McLuhan bestand darauf, dass die elektronische Welt nicht visuell, sondern taktil sei. Er verwies auf die Verbindung und die fließenden Übergänge zwischen den organischen Körperströmen und den technischen Strömen im elektronischen Netz der Erde. Elektronische Medien sind stark einbeziehend. Alle interaktiven Medien und Interfaces überhaupt könnten mit Gewinn als Variationen auf die taktile Erweiterung von Hand und Körper gesehen werden. Sie modulieren wie die Musik oder der Tanz den Abstand zwischen Körper und Welt. Auch Cursor, Maus, Touchpad und Tastatur kann man als taktile Methoden sehen, um sich mittels Klicken, Ziehen und Ablegen durch Informationen zu bewegen. Ein Gutteil der Künstler, die in den letzten 26 Jahren zur Ars Electronica eingeladen waren, würden mit Freude anerkennen, was sie McLuhan verdanken. McLuhan ist heute hyperaktuell. Er hat zwar nicht das Internet vorausgesagt, aber er hat gesagt, dass es nach der Erweiterung unserer Sinne und unseres Zentralnervensystems „nur noch ein kleiner Schritt“ sei, „auch unser Bewusstsein zu externalisieren“.
Das Erstaunliche ist, dass, obwohl er keine Ahnung von Personalcomputern, dem Internet oder auch nur Mobiltelefonen hatte, die Dinge, die er in seinen Schriften – angefangen von Understanding Media –anspricht, diese neuen Medien immer schon impliziert zu haben schienen und zu einem besseren Verständnis derselben beigetragen haben. Auch wenn der Zustand der Welt heute lange nicht so hoffnungsvoll ist wie zu McLuhans Zeiten, und das trotz der damaligen nuklearen Bedrohung, so hilft uns McLuhans unermüdliche Sondierung des Grundes unserer gegenwärtigen Existenz doch zu erkennen, dass auch das ein Übergangszustand ist; er hilft uns, die Konturen der elektronischen Menschheit auszumachen.

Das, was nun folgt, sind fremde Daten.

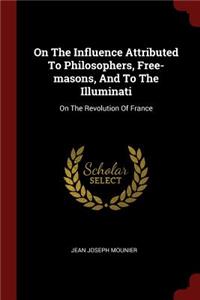 On The Influence Attributed To Philosophers, Free-masons, And To The Illuminati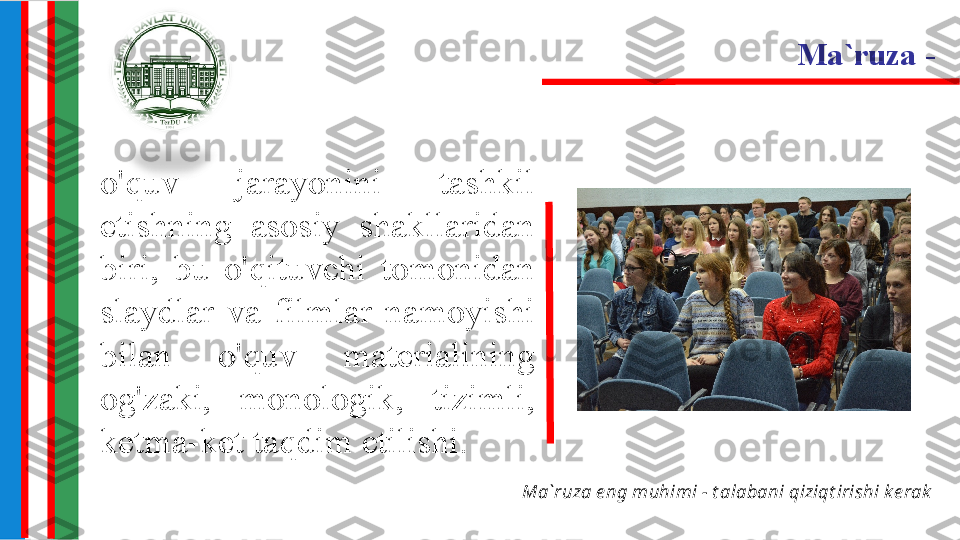 o'quv  jarayonini  tashkil 
etishning  asosiy  shakllaridan 
biri,  bu  o'qituvchi  tomonidan 
slaydlar  va  filmlar  namoyishi 
bilan  o'quv  materialining 
og'zaki,  monologik,  tizimli, 
ketma-ket taqdim etilishi. Ma`ruza  - 
Ma`ruza e ng muhimi - t alabani qiziqt irishi k e rak 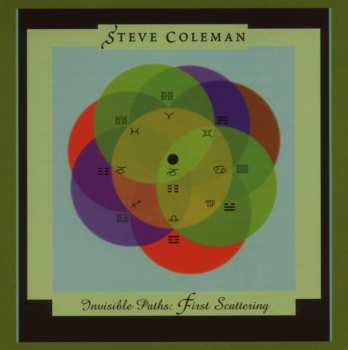 Album Steve Coleman: Invisible Paths: First Scattering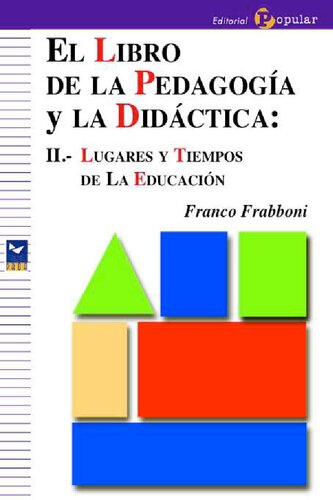 El libro de la pedagogía y la didáctica II. Los lugares y los tiempos de la educación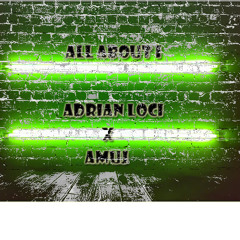 All Abou I _Amuj + Adrian Loci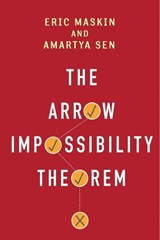 The Arrow Impossibility Theorem - Eric (A.O. Hirschman Professor of Social Science Maskin ; Amartya Sen - 9780231153287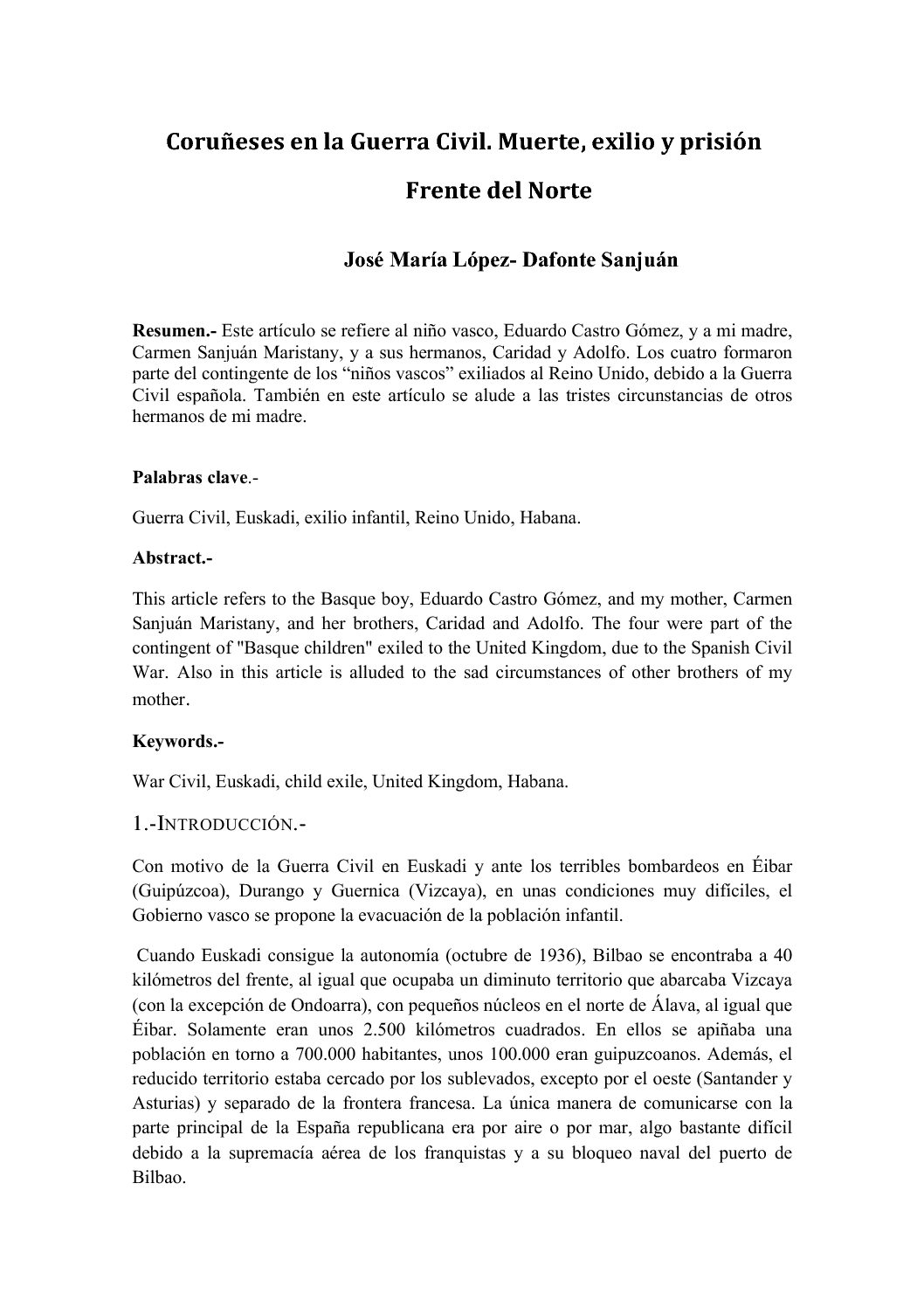 Coruñeses en la Guerra Civil. Muerte, exilio y prisión frente del Norte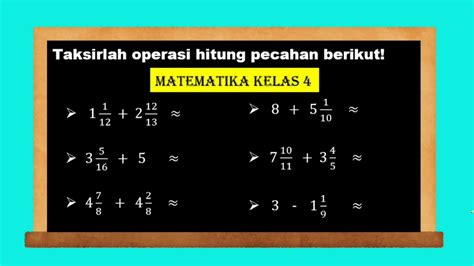 Soal Taksiran Pecahan Matematika Kelas 4 Contoh Soal Limit Campuran Hot Sex Picture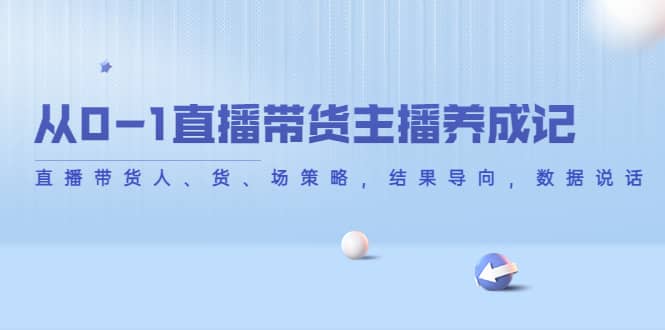 从0-1直播带货主播养成记，直播带货人、货、场策略，结果导向，数据说话网创吧-网创项目资源站-副业项目-创业项目-搞钱项目八百网赚
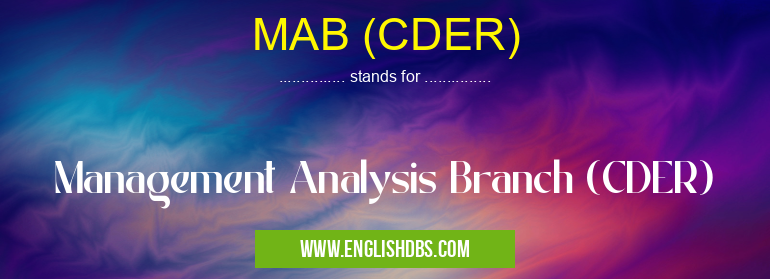 MAB (CDER) means Management Analysis Branch (CDER) MAB (CDER)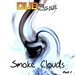 Smoke Clouds Pt 1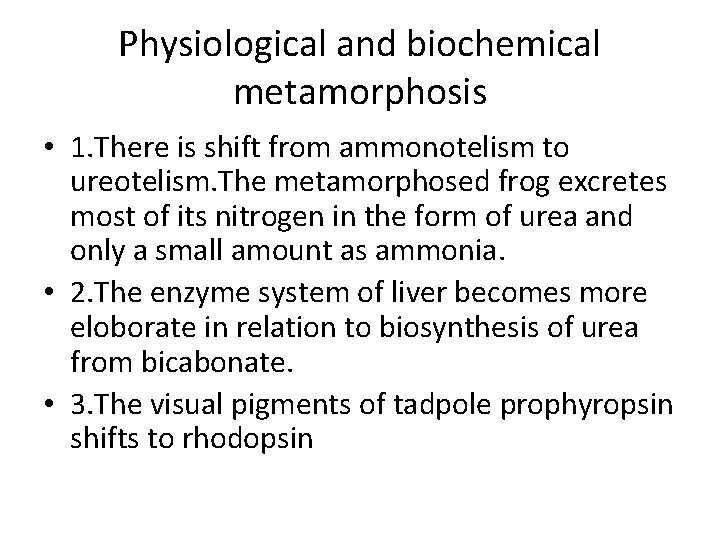 Physiological and biochemical metamorphosis • 1. There is shift from ammonotelism to ureotelism. The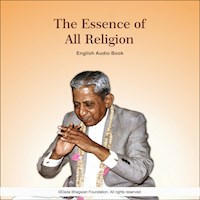 The Essence of All Religion - English Audio Book - Dada Bhagwan - Hörbuch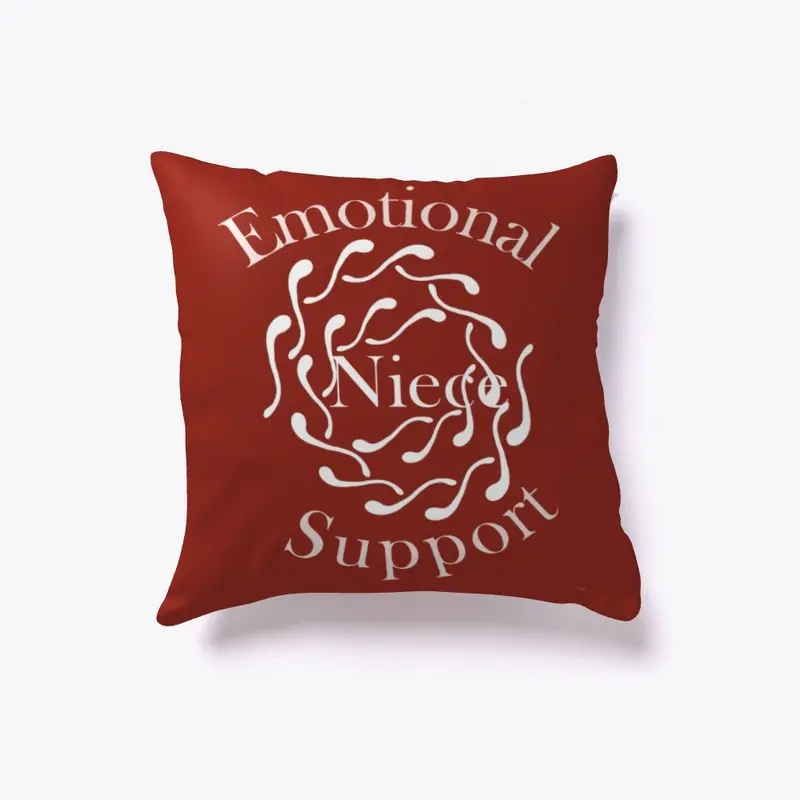 Emotional Support Niece - Home Decor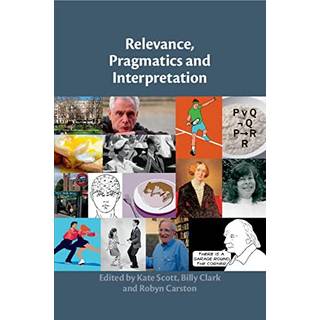 Relevance, Pragmatics and Interpretation
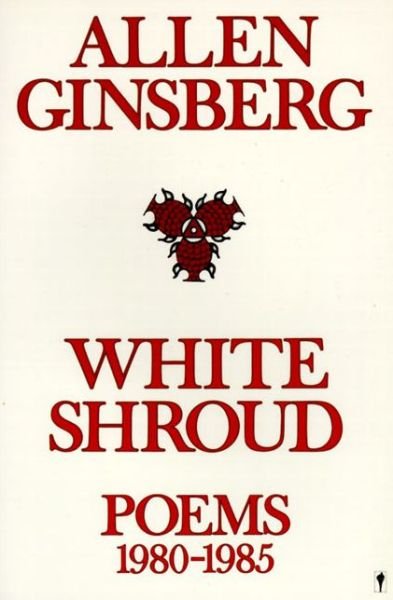 Cover for Allen Ginsberg · White Shroud: Poems 1980-1985 (Paperback Bog) (1987)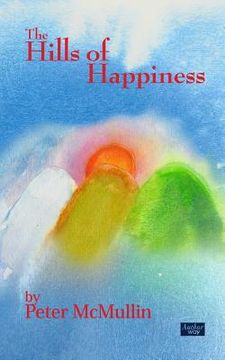 portada The Hills of Happiness (en Inglés)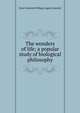 The wonders of life; a popular study of biological philosophy, Ernst Heinrich Philipp August Haeckel 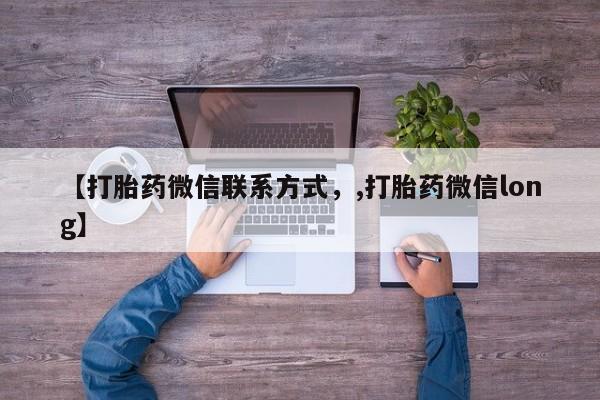 堕胎药联系方式【打胎药微信联系方式，,打胎药微信long】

Einer der provozierendsten – und schönsten – Gedanken McLuhans ist der, dass wir „im elektrischen Zeitalter die ganze Menschheit als unsere eigene Haut“ tragen. Andernorts stellt er eine wichtige Verbindung zwischen diesem Bewusstsein von der Welt und dem von sich selbst her: „Wir sind gezwungen, auf die Welt als Ganzes zu reagieren, […] weil elektrische Medien auf der Stelle ein totales Feld interagierender Ereignisse schaffen, an denen alle Menschen teilnehmen.“ So gesehen, sind wir mit der gesamten zeitgenössischen Szene auf immer physisch verbunden. Es herrscht ein Gefühl der totalen Eingebundenheit, der Intimität, der Unmittelbarkeit der elektronischen Medien, unserer Interfaces mit der Welt – man denke nur an das Naheverhältnis, das wir mit unseren Mobiltelefonen unterhalten.
Letztendlich wird die Elektrizität die Transparenz fördern und eine neue globale Ethik entstehen lassen, die ein friedliches Zusammenleben garantiert. Da die Elektrizität so viel schneller ist als die Literalität, könnte das eher passieren, als wir denken. Diese Hoffnung ist für mich das öffentliche Vermächtnis McLuhans.